She wrote and published four books, including her best-known book, Silent Spring, which led to a presidential commission that largely endorsed her findings and helped to shape a growing environmental consciousness. All of Rachel’s books highlighted her love of nature while also serving as a warning of how humans needed to be more aware of how their actions affect the environment.

Rachel received many awards for her work, including:

  • Second woman to be elected to the National Institute of Arts and Letters
  • National Book Award
  • John Burroughs Medal
  • Honorary degrees from several universities
  • Posthumously awarded the Presidential Medal of Freedom by President Carter in 1980

“It is not easy to be a pioneer – but oh, it is fascinating!” – Rachel Carson

Her Determination

Rachel faced objections to her dream of becoming a scientist merely because she was a girl. She was told to be a mother, cook or nurse. Rachel didn’t listen. Instead, she believed in herself and went on to earn a masters degree in marine zoology.
Rachel accepted a position with the U.S. Bureau of Fisheries in 1935. She wrote radio scripts on marine life and these articles were published regularly by the Baltimore Sun. Her dedication and innovative perspective earned her the role of editor-in-chief of the information department.

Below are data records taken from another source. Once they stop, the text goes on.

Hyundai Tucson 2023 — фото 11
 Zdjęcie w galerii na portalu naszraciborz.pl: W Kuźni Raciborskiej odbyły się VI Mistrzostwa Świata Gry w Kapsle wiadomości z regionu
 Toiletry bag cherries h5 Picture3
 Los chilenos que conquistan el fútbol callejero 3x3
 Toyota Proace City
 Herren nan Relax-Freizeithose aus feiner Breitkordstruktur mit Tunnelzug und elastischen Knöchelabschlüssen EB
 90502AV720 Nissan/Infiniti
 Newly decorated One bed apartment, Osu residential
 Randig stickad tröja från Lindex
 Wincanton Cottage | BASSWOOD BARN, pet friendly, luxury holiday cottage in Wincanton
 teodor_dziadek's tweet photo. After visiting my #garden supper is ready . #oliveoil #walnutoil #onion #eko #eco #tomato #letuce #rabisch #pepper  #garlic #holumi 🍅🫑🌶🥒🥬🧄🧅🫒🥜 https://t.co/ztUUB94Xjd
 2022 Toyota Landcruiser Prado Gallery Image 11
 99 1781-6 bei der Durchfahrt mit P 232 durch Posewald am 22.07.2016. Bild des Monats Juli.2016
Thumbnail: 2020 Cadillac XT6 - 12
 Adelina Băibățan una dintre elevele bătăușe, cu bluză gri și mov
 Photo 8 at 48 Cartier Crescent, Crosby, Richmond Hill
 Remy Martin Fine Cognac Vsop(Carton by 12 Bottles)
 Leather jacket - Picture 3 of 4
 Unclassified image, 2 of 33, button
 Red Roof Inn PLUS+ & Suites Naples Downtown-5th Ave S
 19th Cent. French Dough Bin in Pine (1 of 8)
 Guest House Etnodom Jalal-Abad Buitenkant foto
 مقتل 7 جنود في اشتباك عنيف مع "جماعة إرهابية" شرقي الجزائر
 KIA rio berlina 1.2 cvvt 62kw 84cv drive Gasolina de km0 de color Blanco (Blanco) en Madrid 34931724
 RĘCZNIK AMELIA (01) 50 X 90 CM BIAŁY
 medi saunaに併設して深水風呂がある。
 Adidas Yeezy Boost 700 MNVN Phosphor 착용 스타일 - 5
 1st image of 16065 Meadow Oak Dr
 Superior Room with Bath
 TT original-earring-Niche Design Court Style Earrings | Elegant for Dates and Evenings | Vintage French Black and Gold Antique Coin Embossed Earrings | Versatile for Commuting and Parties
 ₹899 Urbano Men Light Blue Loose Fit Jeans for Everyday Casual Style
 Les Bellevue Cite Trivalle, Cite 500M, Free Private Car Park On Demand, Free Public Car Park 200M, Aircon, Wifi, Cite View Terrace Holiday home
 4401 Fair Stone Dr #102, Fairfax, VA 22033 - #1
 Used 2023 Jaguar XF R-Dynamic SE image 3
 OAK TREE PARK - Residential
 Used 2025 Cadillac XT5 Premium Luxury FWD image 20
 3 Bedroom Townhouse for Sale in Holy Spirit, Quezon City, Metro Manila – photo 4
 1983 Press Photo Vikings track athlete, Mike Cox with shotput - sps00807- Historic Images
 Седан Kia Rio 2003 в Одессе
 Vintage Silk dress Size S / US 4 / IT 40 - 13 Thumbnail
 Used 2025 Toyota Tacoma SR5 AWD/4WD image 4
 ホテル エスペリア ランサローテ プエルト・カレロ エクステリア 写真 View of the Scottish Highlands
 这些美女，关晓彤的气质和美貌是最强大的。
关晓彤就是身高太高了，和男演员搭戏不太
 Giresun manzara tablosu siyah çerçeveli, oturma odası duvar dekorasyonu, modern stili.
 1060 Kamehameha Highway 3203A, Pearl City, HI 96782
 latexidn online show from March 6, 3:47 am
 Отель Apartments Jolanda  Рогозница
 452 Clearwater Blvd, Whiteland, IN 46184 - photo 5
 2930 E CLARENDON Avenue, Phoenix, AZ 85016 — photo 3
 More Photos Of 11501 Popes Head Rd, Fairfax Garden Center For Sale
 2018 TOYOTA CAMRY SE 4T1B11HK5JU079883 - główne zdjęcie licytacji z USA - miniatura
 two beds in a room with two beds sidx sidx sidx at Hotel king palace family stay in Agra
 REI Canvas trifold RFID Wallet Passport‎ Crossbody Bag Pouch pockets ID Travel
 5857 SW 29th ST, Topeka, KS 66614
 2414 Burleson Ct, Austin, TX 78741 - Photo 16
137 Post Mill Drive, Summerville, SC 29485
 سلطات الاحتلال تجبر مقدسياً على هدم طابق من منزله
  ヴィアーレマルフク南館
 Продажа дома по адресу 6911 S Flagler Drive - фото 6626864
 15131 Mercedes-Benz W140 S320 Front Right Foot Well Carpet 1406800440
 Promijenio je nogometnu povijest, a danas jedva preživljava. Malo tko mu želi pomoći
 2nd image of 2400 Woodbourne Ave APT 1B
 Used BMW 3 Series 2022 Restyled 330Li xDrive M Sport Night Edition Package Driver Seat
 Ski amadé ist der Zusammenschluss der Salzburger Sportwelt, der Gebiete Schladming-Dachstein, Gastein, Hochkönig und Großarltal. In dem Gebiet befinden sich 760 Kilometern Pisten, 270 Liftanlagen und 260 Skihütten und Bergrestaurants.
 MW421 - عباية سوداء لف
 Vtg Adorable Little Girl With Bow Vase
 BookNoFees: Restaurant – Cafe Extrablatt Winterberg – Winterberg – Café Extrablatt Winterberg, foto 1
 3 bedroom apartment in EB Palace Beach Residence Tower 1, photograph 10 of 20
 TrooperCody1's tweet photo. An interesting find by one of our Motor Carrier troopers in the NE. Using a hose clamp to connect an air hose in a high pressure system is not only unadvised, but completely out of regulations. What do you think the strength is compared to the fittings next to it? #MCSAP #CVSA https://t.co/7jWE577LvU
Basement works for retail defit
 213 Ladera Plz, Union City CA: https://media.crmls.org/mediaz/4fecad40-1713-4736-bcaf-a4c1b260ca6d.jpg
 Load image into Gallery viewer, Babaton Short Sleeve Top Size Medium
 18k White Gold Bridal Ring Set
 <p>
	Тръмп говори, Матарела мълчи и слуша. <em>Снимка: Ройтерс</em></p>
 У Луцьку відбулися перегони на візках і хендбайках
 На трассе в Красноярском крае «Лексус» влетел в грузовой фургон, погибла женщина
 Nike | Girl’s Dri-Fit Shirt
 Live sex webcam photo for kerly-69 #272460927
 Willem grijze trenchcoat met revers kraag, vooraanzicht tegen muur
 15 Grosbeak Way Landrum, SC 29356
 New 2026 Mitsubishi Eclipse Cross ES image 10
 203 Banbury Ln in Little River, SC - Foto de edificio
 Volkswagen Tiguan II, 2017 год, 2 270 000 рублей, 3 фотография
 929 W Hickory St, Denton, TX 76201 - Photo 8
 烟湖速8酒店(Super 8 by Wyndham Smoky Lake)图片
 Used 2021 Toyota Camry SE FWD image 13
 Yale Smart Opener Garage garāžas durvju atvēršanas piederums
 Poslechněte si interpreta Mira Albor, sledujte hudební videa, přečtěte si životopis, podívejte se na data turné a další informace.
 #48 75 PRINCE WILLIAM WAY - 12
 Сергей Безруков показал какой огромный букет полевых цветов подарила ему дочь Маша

From there, Rachel wrote her first book focused on the damage that chemicals, pesticides and man-made products were having on the environment. While the academic community backed the book’s scientific claims, the chemical trade industry groups and conservative legislators branded her as an alarmist and opposed to economic freedom.

Rachel was undeterred. She remained calm and convincing, and public opinion soon turned her way. Even more, Rachel spoke before Congress in 1963, calling for polices to be put in place that protect not only the environment, but also human health. Rachel’s determination and environmental legacy cannot be overstated.

A True Inspiration

Rachel is widely remembered as an early activist who worked to preserve the world for future generations. Her prose in Silent Spring gave voice to millions who opposed a value system that placed greater importance on economic efficiency than on ending the poisoning of the environment. An incredible validation came after Rachel’s death when the Editor-in-Chief of the Chemical & Engineering News Rudy M. Baum, acknowledged the power of Silent Spring almost two decades later in 2007.

Rachel’s inspiration also lives on through the Rachel Carson Award, a premier award honoring distinguished female leaders impacting the environmental world. The National Audubon Society’s Women in Conservation presents the award annually to recognize “women whose immense talent, expertise, and energy greatly advance conservation and the environmental movement locally and globally.”

Rachel once said, “The more clearly we can focus our attention on the wonders and realities of the universe, the less taste we shall have for destruction.” For her, the beauty of nature was worth the courage it took to protect it.

Fun Facts:

  • In its “100 most important people of the 20th Century” issue, Time magazine said, “Before there was an environmental movement, there was one brave woman and her very brave book.”
  • At just 10 years old, Rachel published her first story in St. Nicholas Magazine.
  • Before discovering her love of science, Rachel wanted to be a writer.
  • In 1981, the U.S. Postal Service issued a Rachel Carson stamp.
  • Rachel’s pesticide initiative led to the banning of DDT in the United States in 1972 and internationally in 2004.